# TNT: Roasted Carrots with Cumin and Lime



## Zereh (Mar 12, 2011)

We had these for dinner tonight alongside of some great fresh salmon (topped with shallots and thin slices of lemon and baked). It was the perfect combination!

*Roasted Carrots with Cumin and Lime*
Family Style Food

1 pound baby carrots with fresh green tops
1 tablespoon olive oil
Juice and grated zest of 1 lime
1 teaspoon agave nectar or honey
1/2 teaspoon fine sea salt
1/2 teaspoon ground cumin
1/4 teaspoon each ground coriander and smoked paprika
2 green onions, thinly sliced
Small handful fresh mint leaves, chopped


Heat oven to 400 degrees.

Trim the tops off the carrots. (I had big carrots, so I chopped them into 3- 4-inch slender sticks instead.) 

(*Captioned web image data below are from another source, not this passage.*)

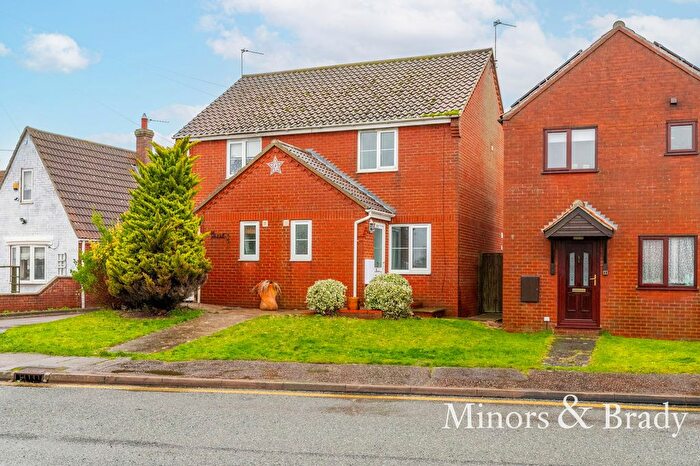 2 Bedroom Semi Detached House To Rent In Willow Court, Sea Palling, NR12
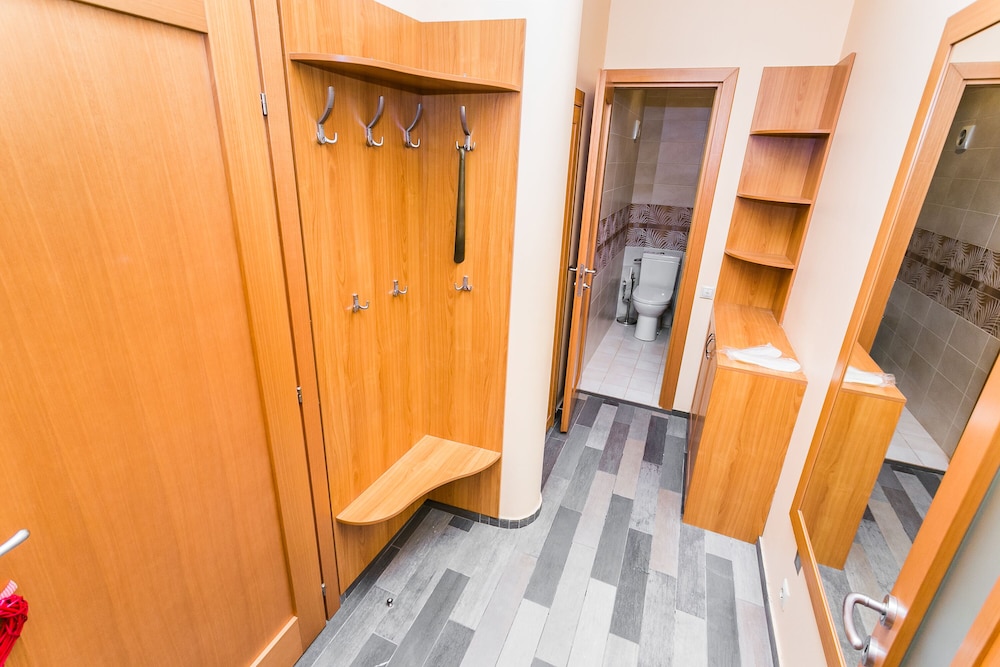 Apartment on B Gnezdnikovskiy 10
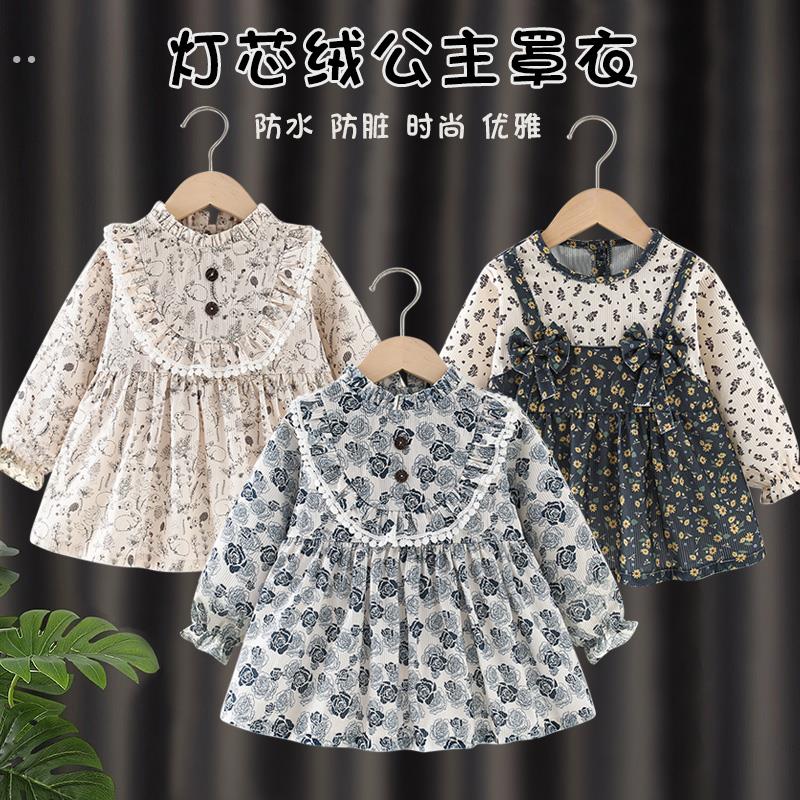 Children's smock for outerwear, fashionable autumn and winter style, baby girl's long-sleeved waterproof and anti-dirty baby apron for eating, bib for wearing backwards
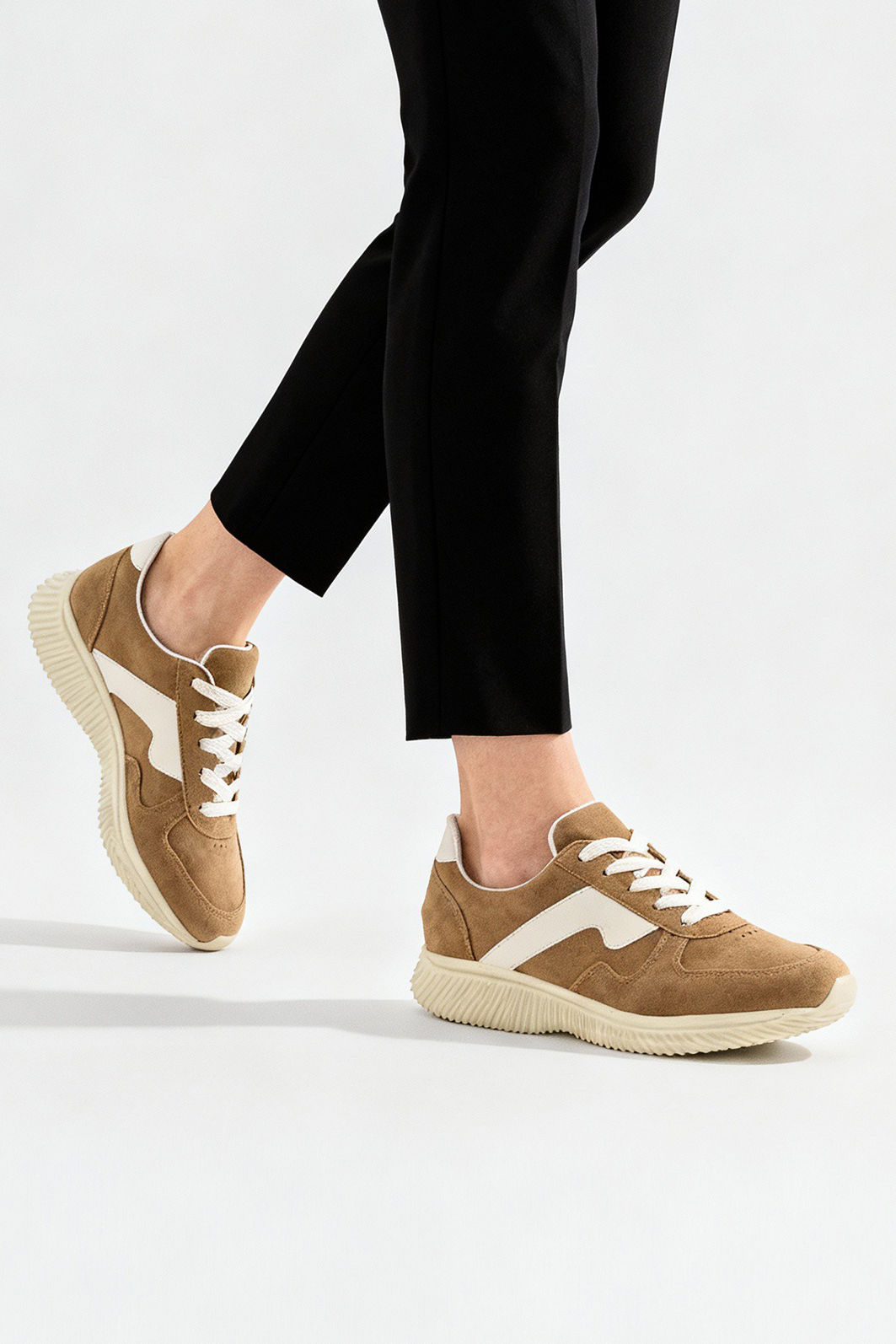 Tênis Moderno com Recortes Taupe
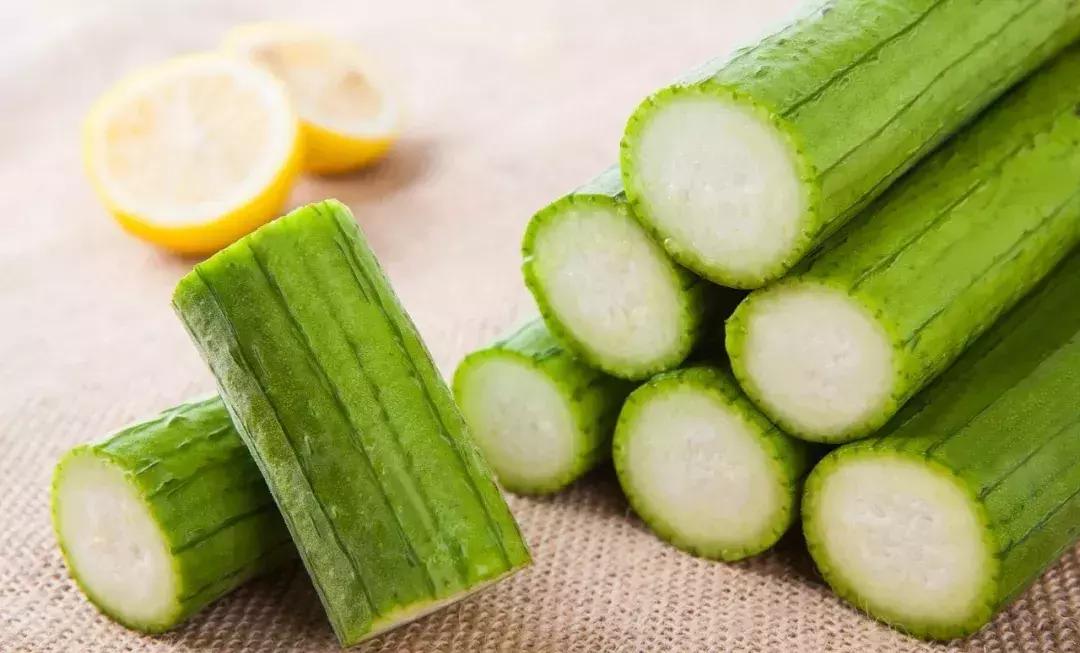 一家三口吃野菜险丧命,一家三口吃丝瓜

Toss them on a baking sheet with the olive oil, lime juice and zest, agave, salt and spices.

Roast about 20 minutes, depending on size, until the carrots are just tender and beginning ot color.  Transfer to a plate and sprinkle with the green onions and mint before tossing together and serving.

It says it will serve 4, but two of us polished them off easily.


----------



## Selkie (Mar 12, 2011)

I've got to try that at lunch today.


----------



## CWS4322 (Mar 12, 2011)

I'm making this as a side for lunch today, but I'm going to add quinoa.


----------



## kadesma (Mar 12, 2011)

Ya got me This looks wonderful. dinner tomorrow night.
kades


----------



## CWS4322 (Mar 12, 2011)

I made this for lunch. I added 2 sweet potatoes (diced), 1 c Edamame, and 2 c quinoa. What was to be a side, became the main dish. I'm still full.


----------